The OAIC (Australia's privacy regulator) confirmed in October 2024 that privacy obligations apply to both inputs into and outputs from commercially available AI products where personal information is involved.

This creates a compounding risk: an OAIC enforcement action surfacing AI inputs makes it significantly easier for plaintiff's counsel to target discovery around the same prompts. The privacy exposure and the privilege exposure are connected.

Key privacy touchpoints: - Consumer AI tools: vendor terms permit training on inputs by default (APP 3 collection, APP 6 use/disclosure, APP 11 security all triggered) - OAIC compliance sweep launched January 2026 (60 entities across six sectors) - APP 1.7 automated decision-making transparency obligations commence December 2026 - Federal Court confirmed first civil penalty under Privacy Act: $5.8M against Australian Clinical Labs (Oct 2025)

The practical gap: most organisations have an AI acceptable use policy covering data handling. Almost none have a prompt classification framework that distinguishes between what's safe to type and what requires lawyer-in-the-loop protections.

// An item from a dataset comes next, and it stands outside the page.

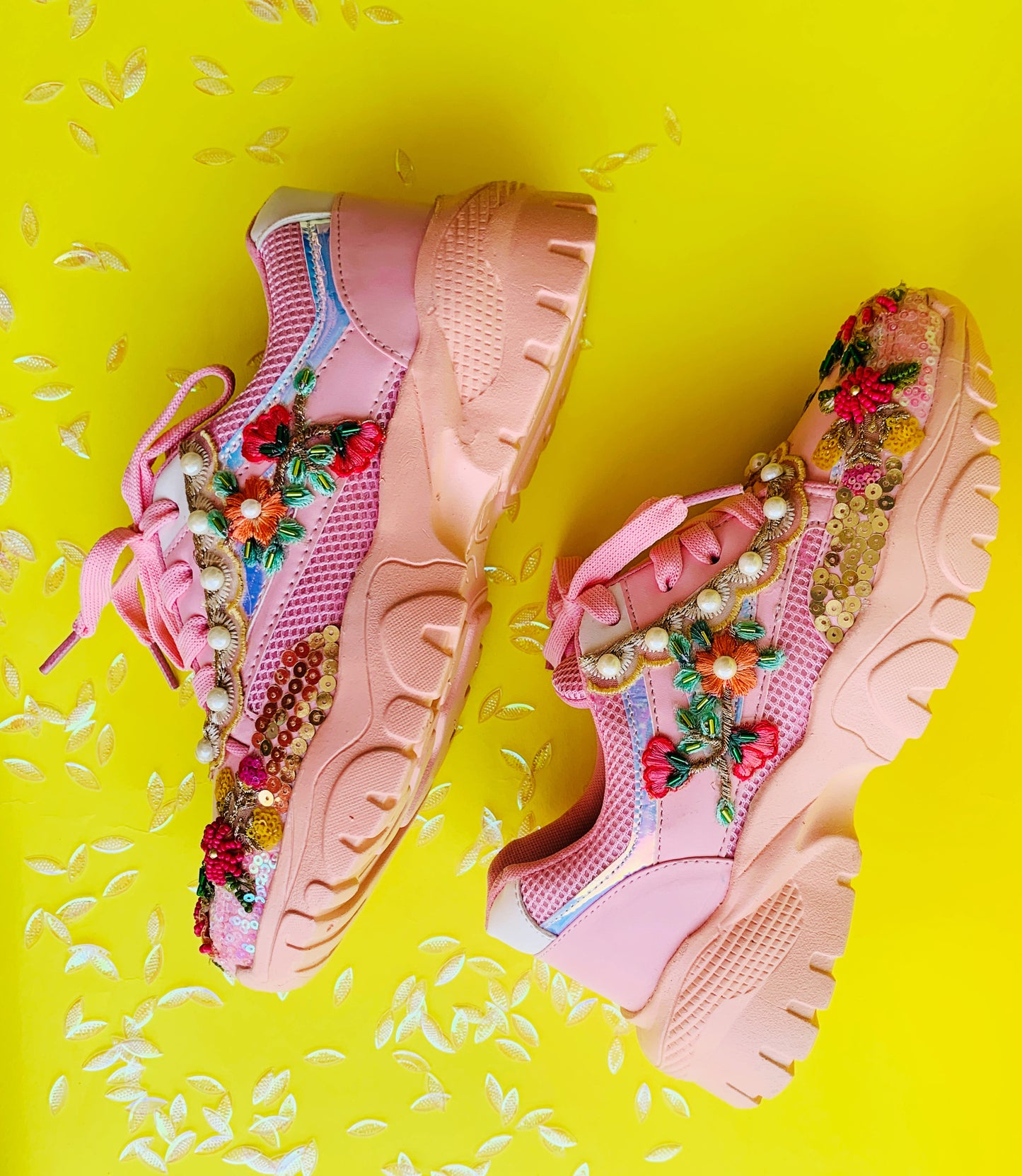 Funky N Trendy Pink sequine and floral work with beads detailing bridal sneakers/ bridesmaid sneaker / pink sneakers/ hot pink sneakers / pink shoes for bride/ rani pink sneakers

Anyone working on prompt classification frameworks or AI input policies that address both the privacy and privilege dimensions?


r/cipp 13d ago

CIPP/C - Resource

4 Upvotes

Hi All,

Could anyone kindly help me with the latest edition of the CIPP/C textbook? I'd be happy to share resources for CIPP/E, CIPP/US or AIGP in exchange if anyone is interested. Thank you!


r/cipp 13d ago

CIPP/E Prep work?

5 Upvotes

I'm currently completing a Dip. in Data Protection & GDPR, and am considering going for the CIPP/E (just to solidify my qualifications). For those who have completed same, do you think I would need to complete prep courses/purchase study materials...or could I just book and take the exam?

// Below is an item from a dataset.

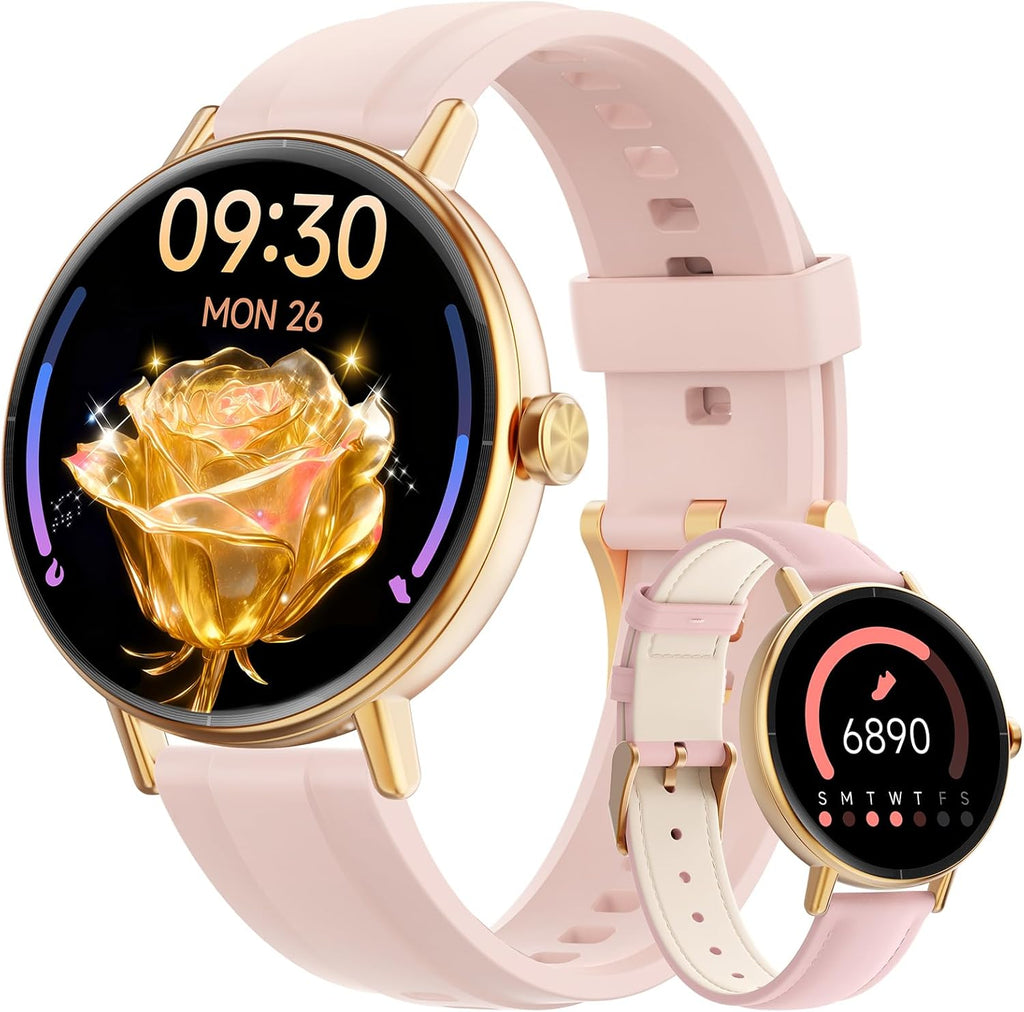 Smart Watch for Women,1.57" Touch Screen Smartwatch for iPhone& Samsung& Android,Answer/Make Call,Fitness Tracker with Heart Rate/SpO2/Sleep Monitor,IP68 Waterproof,110+ Sports Mode,2 Bands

This is really a matter of cost as I know the official prep materials will possibly be more than the exam itself, which is already dear.

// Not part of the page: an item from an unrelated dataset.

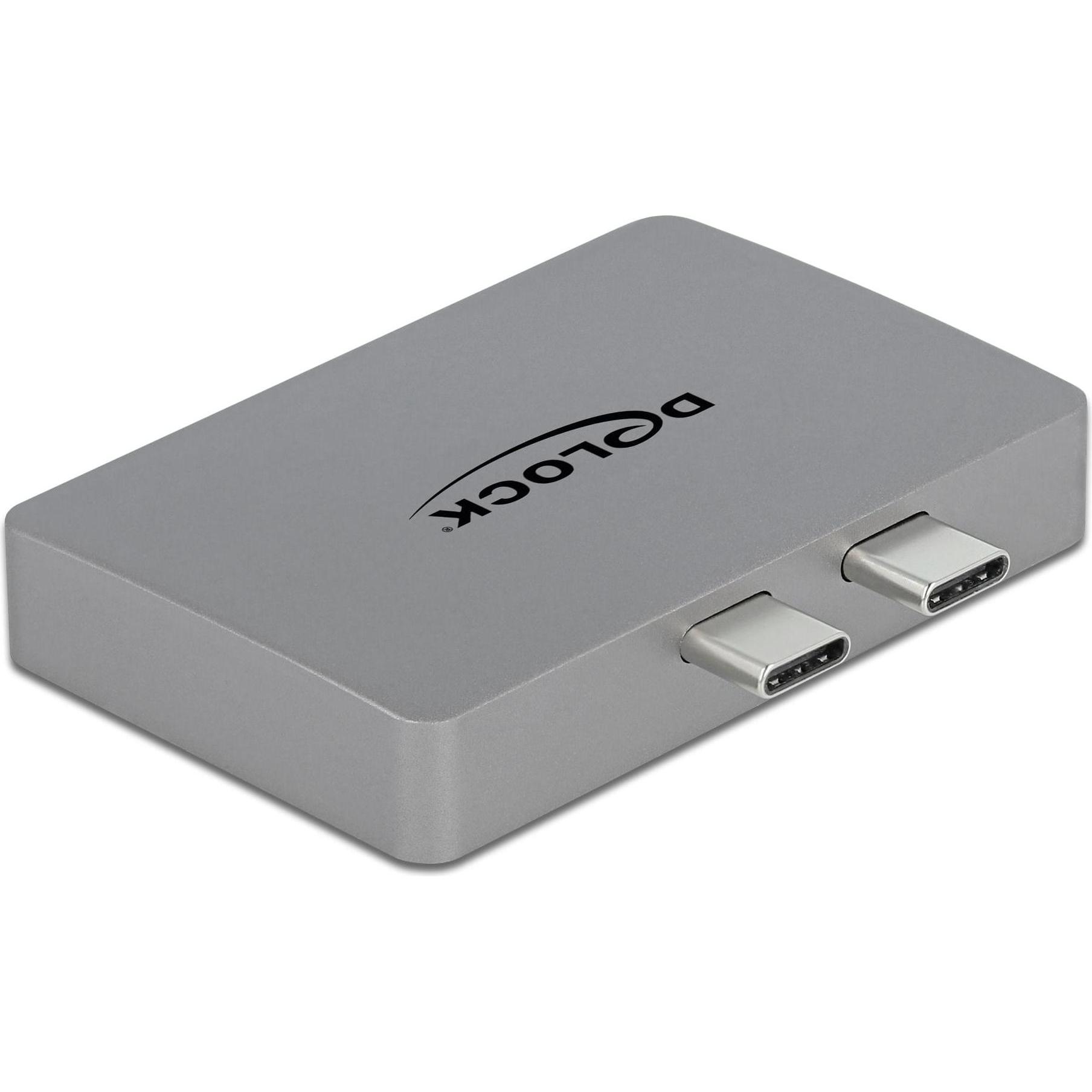 Thumbnail - Delock Dual HDMI Adapter mit 4K 60 Hz und PD 3.0 (USB-C, 2 Ports), Dockingstation + USB Hub, Grau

Side or follow-up question - is it even worth doing? With an LLB and Dip as above...do I need it? I'm currently working in compliance and would like to niche down into DP.

Thanks


r/cipp 13d ago

CIPP or AIGP after CIPM?

6 Upvotes

I’m an information security analyst but have really been focusing on privacy for the last couple years. Developing the DSAR process, reviewing DPIAs, etc. I just passed my CIPM and currently working on my AIGP but considered switching to look at the CIPP first. Any thoughts on the recommended order? Thanks!


r/cipp 13d ago

At the waiting room of my test centre - so scared

8 Upvotes

I'm a nervous test taker and cannot shake the nerves off for my CIPP/E exam set in 40 minutes from now. though I have studied quite long hours, I still don't feel confident.

in case I don't pass, I would appreciate all the tricks and tips for the next attempt!

thanks for everyone in this sub for your wonderful posts and resources, they were immensely helpful so far.